For Oppenheimer, their movies also explore “the entanglements of nature with culture,” he said. “It’s not just the scientific volcano, it’s what does that glow from the crater at night mean to the people that live near it, and the communities around the world that have built their cosmologies around aspects of the natural environment, whether it’s the night sky or shooting stars and comets. I have a deep fascination for the way nature and culture are intertwined around the world.”

Herzog was already in the editing room when Oppenheimer made his own Antarctic ice discovery of a rare meteorite, caught on film by cinematographer Peter Zeitlinger from a helicopter. “It was a great thrill,” Oppenheimer said. “I’d never been up on the mainland polar plateau, I didn’t know what to expect of the flat and white terrain: how cinematic is it going to be? There was an extraordinary quality of light refracted in the blue glacial ice, the wind blowing, the snow snakes at our feet. We’d walk downwind looking from side to side. I had done this for several hours. I had the double satisfaction to hold the oldest thing you can touch. It turned out to be a rare igneous rock, it was in space 4.5 billion years, landed on the polar plateau and had a journey through the ice.”

Oppenheimer never thought he’d be able to smell a meteor 4 billion-5 billion years old. “They’re chock full of organic molecules, amino acids and sugars, that may have led to life,” he said.

“It’s how part of the universe smells,” said Herzog.

“It’s like the contents of a vacuum cleaner bag,” said Oppenheimer.
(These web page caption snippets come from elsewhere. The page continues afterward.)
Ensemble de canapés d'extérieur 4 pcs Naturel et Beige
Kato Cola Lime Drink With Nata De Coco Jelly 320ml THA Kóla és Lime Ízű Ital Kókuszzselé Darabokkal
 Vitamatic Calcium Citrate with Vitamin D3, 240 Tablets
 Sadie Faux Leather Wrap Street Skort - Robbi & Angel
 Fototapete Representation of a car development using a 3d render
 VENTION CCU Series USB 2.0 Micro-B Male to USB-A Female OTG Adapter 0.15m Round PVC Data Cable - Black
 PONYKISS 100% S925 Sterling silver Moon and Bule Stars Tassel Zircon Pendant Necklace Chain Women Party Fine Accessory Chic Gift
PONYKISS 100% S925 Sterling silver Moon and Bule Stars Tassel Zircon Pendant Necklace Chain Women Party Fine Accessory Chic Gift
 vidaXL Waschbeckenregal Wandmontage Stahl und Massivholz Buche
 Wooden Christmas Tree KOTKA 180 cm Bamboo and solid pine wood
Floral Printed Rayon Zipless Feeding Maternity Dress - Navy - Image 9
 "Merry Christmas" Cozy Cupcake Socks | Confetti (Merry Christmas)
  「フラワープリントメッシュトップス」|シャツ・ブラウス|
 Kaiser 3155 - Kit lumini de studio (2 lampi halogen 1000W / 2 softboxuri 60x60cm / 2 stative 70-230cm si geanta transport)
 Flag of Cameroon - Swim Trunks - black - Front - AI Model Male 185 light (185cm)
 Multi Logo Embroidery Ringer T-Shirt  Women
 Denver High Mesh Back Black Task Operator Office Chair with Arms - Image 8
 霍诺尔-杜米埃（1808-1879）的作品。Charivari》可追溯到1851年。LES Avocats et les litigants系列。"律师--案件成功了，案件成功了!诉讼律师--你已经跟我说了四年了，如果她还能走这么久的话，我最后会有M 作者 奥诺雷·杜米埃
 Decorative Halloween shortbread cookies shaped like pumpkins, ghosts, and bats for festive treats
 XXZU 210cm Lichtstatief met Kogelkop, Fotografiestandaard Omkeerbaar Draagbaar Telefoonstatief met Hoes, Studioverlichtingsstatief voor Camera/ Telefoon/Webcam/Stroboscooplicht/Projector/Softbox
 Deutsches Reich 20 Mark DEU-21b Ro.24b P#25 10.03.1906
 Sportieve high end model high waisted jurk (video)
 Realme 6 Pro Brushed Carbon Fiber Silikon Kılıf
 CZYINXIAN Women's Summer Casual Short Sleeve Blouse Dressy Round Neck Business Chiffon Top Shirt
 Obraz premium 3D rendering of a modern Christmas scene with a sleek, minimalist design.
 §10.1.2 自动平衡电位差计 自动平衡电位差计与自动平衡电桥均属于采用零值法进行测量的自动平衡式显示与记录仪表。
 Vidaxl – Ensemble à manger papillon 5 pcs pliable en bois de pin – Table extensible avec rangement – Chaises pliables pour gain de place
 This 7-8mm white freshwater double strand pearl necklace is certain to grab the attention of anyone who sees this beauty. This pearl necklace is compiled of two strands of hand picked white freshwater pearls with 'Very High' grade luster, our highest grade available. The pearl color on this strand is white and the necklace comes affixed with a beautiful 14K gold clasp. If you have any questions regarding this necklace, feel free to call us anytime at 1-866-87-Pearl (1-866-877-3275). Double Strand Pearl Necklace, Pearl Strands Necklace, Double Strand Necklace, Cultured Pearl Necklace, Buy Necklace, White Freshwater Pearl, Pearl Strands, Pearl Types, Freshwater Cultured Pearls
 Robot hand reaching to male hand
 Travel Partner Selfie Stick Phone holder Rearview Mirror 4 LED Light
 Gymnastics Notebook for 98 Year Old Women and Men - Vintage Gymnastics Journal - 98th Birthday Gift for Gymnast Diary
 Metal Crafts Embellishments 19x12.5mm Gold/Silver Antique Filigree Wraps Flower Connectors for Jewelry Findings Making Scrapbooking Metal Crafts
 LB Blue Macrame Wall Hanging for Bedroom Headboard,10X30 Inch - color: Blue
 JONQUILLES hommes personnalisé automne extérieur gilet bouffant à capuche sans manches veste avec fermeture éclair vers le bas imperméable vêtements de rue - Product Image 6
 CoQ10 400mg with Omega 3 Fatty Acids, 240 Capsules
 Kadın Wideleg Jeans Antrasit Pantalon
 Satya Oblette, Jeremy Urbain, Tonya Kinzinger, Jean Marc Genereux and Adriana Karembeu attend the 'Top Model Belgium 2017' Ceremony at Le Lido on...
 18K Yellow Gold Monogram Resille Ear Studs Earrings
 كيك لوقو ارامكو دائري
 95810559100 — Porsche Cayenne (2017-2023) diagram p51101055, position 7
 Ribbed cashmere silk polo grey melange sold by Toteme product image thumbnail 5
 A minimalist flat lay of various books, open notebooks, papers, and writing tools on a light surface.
The duo are looking for the right thing to collaborate on next. “I hope we have at least a trilogy in us,” said Oppenheimer.

“We don’t have a precise project, but I bet Clive will come up with something fiendish,” said Herzog, who’s waiting for the pandemic to lift so he can resume a workshop in the Colombian Amazon jungle with 20 young filmmakers.

Is he watching Season 2 of “The Mandalorian”? “No,” he said. “I may have been killed off in Season 1. I don’t know.”

“Fireball” will be available November 13 on Apple TV+.